Creció Independiente tras el gol: se soltó y se animó a filtrar más pases. Esta vez, Falcioni optó por que los extremos -Roa y Soñora- se centren y se muevan cerca de Soñora y dejó los carriles libres para los laterales, Bustos y Togni. Desbordó mucho el elenco de Avelleneda, especialmente por el sector derecho. Igual, el segundo se gestó en la izquierda con otra recuperación, esta vez de Roa a Farioli, que terminó con el toque a la red de Silvio Romero luego de que Medina le atajara un remate cruzado a Velasco.

No fue una maravilla Independiente ni mucho menos, pero fue efectivo y entendió cómo jugar. Es cierto que en los primeros minutos no estuvo bien plantado, pero el primer gol le aclaró las ideas.
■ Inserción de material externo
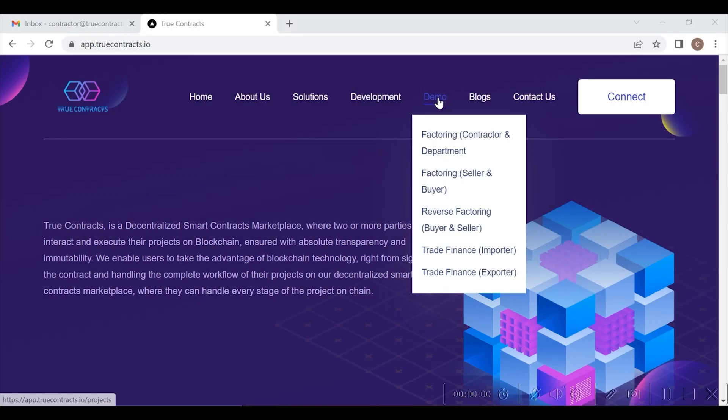Welcome to True Contracts, a decentralized smart contracts marketplace. Today, we are going to demonstrate how a contractor can log into our platform and utilize our invoice factoring service, with absolute security of our blockchain-based technology, and at the same time having a gas-less experience, which makes it as easy as transacting on a normal website. Let's dive into it right away.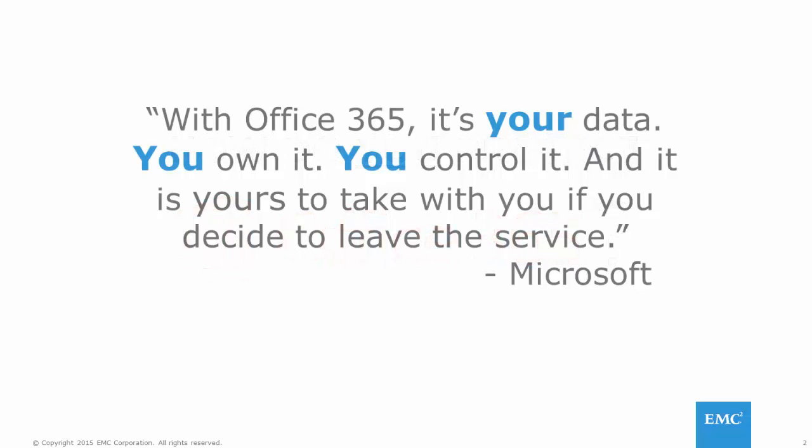Unfortunately, many people believe that Microsoft protects all of their data. And they do, to the same extent that every SaaS provider protects data. Events such as hardware or application failure and data corruption will be covered in your SLA with Microsoft.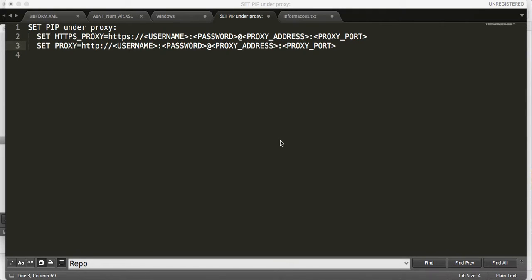What's up guys, this is Gene101. In this video we are going to learn how to set pip under a proxy environment.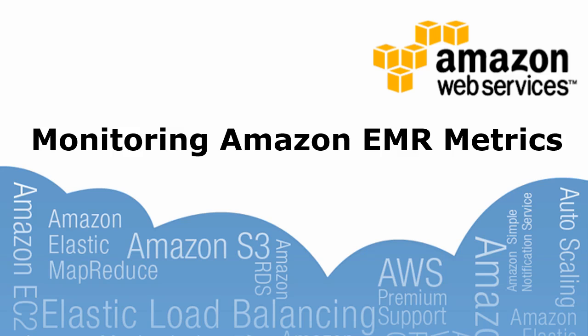In this video, you'll learn how to view Amazon Elastic MapReduce metrics in the AWS Management Console and how to use these reports to track your job flow's progress and performance.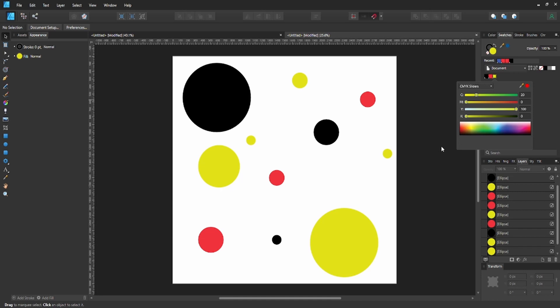This is useful for your documents that are full of detail or full of objects. You've got to change the color of multiple objects, but you don't want to click each and every individual object to change the color. When you want to change the color of all the same ones, this is what it's used for.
No presionó de manera constante, pero sí lo hizo con vehemencia cuando se lo propuso. Y por eso se fue ganando 2-0 al entretiempo.

El segundo tiempo arrancó igual que el primero, con Arsenal intentando más. Leonel Picco estrelló un disparo en el palo y segundos después Velasco puso el 3-0 después de un contragolpe perfecto. Fue, además, un golazo porque el juvenil enganchó de taco dentro del área y definió cruzado. Y la lupa tiene que ser puesta en Velasco, que fue la figura y que volvió a jugar donde más le gusta: atrás del 9. La joyita del Rojo -que fue reemplazado en la segunda parte por un malestar estomacal- llevaba 26 partidos sin convertir (había marcado por última vez el 4 de mayo en el 2-2 contra Bahia por Copa Sudamericana).

Si el duelo terminó 3-0 fue solo porque el local no se propuso marcar más goles. Le bajó la persiana al juego temprano el Rojo y le perdonó una goleada aún más abultada a Arsenal. Los números del elenco de Sarandí son preocupantes: anotó 3 goles en los últimos 14 partidos. Y si sabe: sin goles no hay triunfos posibles.

Con contundencia y autoridad, Independiente venció a Arsenal y sigue soñando con la clasificación a la Copa Libertadores del próximo año. Se puso en la misma línea que Estudiantes con 51 puntos y quedó a 3 unidades de Lanús, el último en ingresar.